En plus de s'interroger sur les causes du  peu de femmes dans les plus hautes sphères des affaires, la journaliste de Radio-Canada a, bien à propos, demandé pourquoi il faudrait insister pour y augmenter le ratio femmes-hommes? Les personnes interviewées ont indiqué qu'à leur avis, de même que selon diverses études, la diversité et la complémentarité des talents, visions et opinions, ajoutent de la valeur aux organisations et que l'ajout de femmes est l'un des moyens possibles et nécessaires pour augmenter cette diversité.

Dans cette série, l'une des invitées indique qu'elle croit en la nécessité d'imposer des quotas de parité au sein des conseils d'administration, comme cela se fait déjà dans certains pays, alors qu'un autre participant dit qu'il ne faut pas nécessairement recruter des femmes, mais plutôt s'assurer de recruter les meilleurs candidats.

L'on pourrait croire qu'il s'agit là de positions divergentes. À mon avis, elles sont plutôt complémentaires et la solution se trouve probablement dans l'imposition de quotas à pourcentage progressifs sur un certain nombre d'années.

Mais encore faut-il que les conseils d'administration modifient d'abord leurs exigences. À ceux qui diraient que l'on ne pourra recruter les meilleurs si l'État oblige un quota étant donné le faible pourcentage de femmes présidentes d'entreprises, il faut répondre que les meilleurs éléments ne se trouvent pas nécessairement et uniquement chez des ex-présidentes d'entreprise.

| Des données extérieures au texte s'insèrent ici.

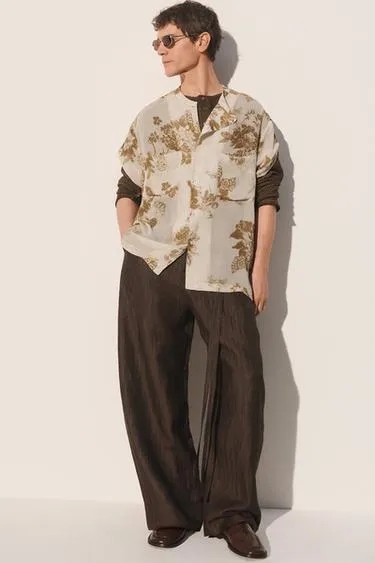 Рубашка с цветочным принтом и свободным кроем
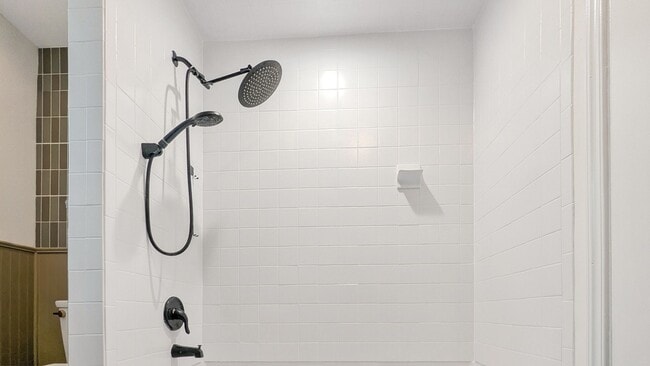 Building Photo - 3 bedroom (Entire House) in the Solitude Village section of High Bridge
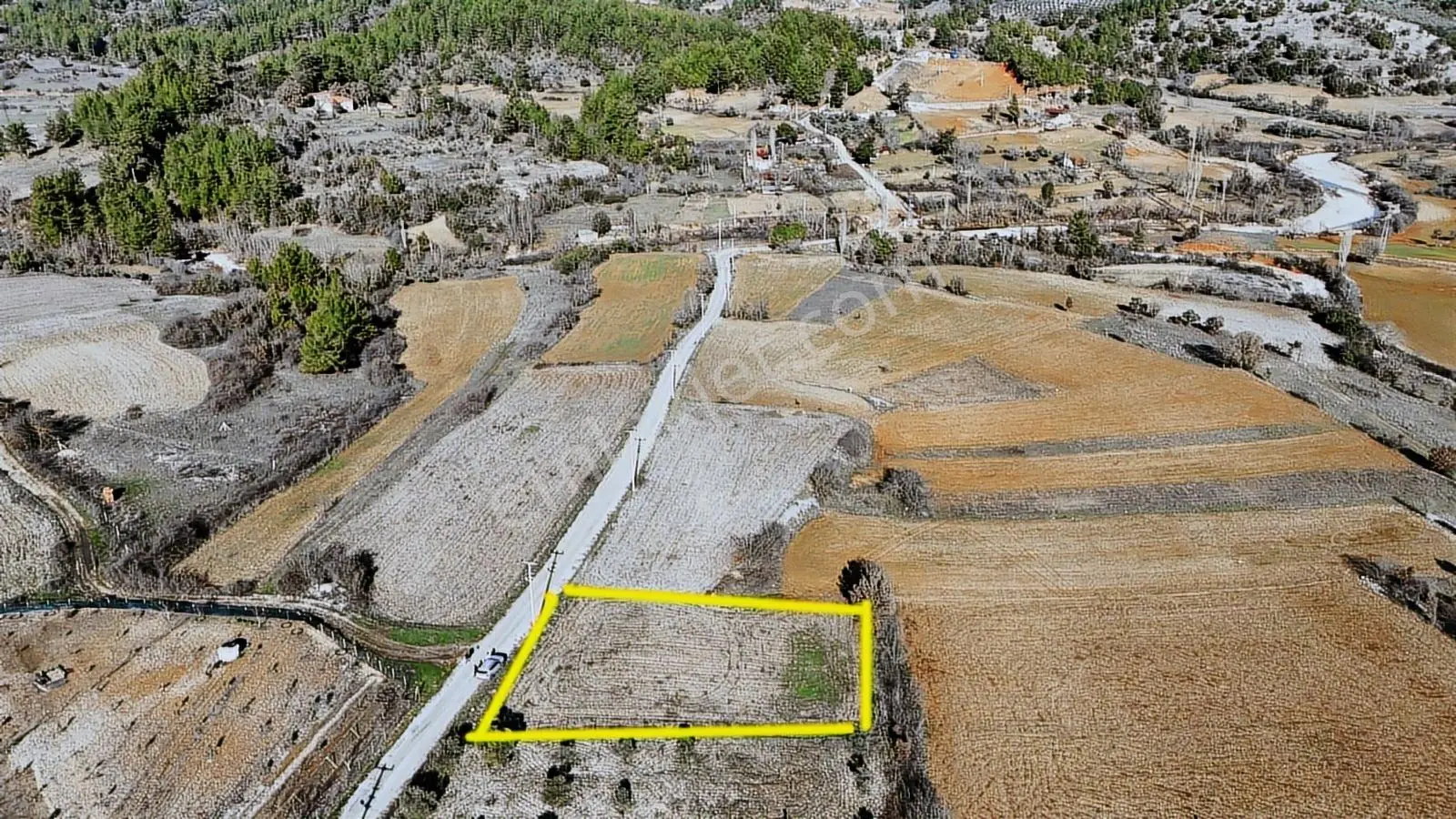 Yenibağyaka'da Köye Yakın Anayol Kenarı 1222 M2 Tarla — fotoğraf 9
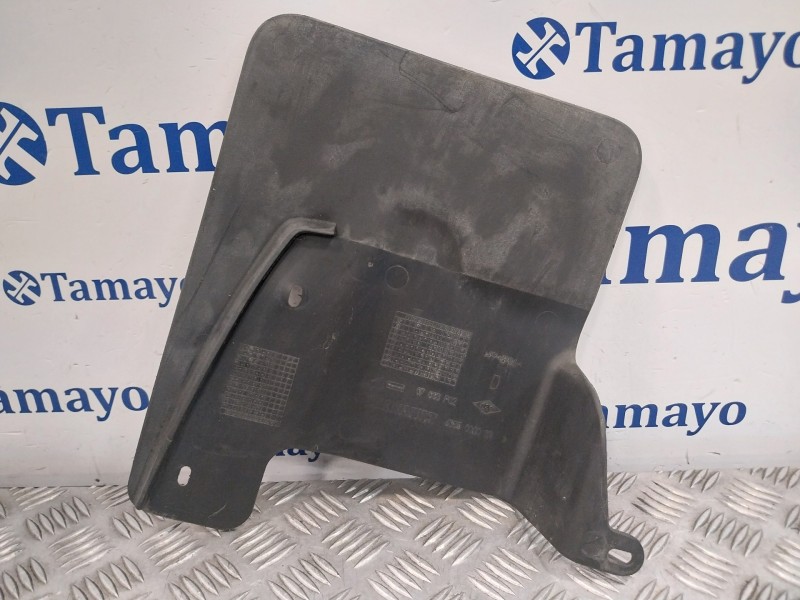 Recambio de moldura para nissan interstar m1 fm referencia OEM IAM 638500003R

Les femmes professionnelles telles que comptables, ingénieures, actuaires ou avocates, tout comme les femmes qui ont occupé des postes de haute direction dans des secteurs spécialisés, comme ventes et marketing, informatique, ressources humaines, service à la clientèle, possèdent des compétences et une expertise qui peuvent grandement ajouter de la valeur aux discussions d'un conseil d'administration.

Ces conseils peuvent avoir accès à des dizaines, voire des centaines, de candidates qualifiées par le biais de banques et répertoires spécialisés tels que ceux du Collège des administrateurs de sociétés, l'Institut des administrateurs de sociétés, l'Association des femmes en finances, les associations professionnelles et les firmes de placement.

De leur côté, les professionnelles intéressées à joindre les rangs de conseils d'administration devraient travailler à augmenter leur probabilité d'être sélectionnées en développant leur expertise d'administratrices, en joignant des conseils d'administration à but non lucratif et en poursuivant l'une des formations disponibles à cet effet.

Je suis moi-même membre de conseils d'administration qui ont modifié leur approche de sélection et ont fait le choix de privilégier l'expertise spécialisée et la diversité. Au fil des ans, des postes d'administratrice au sein d'entreprises de plus en plus grandes m'ont été accessibles, celles-ci y voyant sans aucun doute un avantage à recruter une femme avec une expérience de cadre supérieur spécialisée en service à la clientèle.

J'invite donc les organismes et entreprises à prendre le risque calculé de sélectionner des femmes qualifiées, sans qu'elles n'aient par ailleurs déjà accédé au plus haut niveau de la pyramide organisationnelle.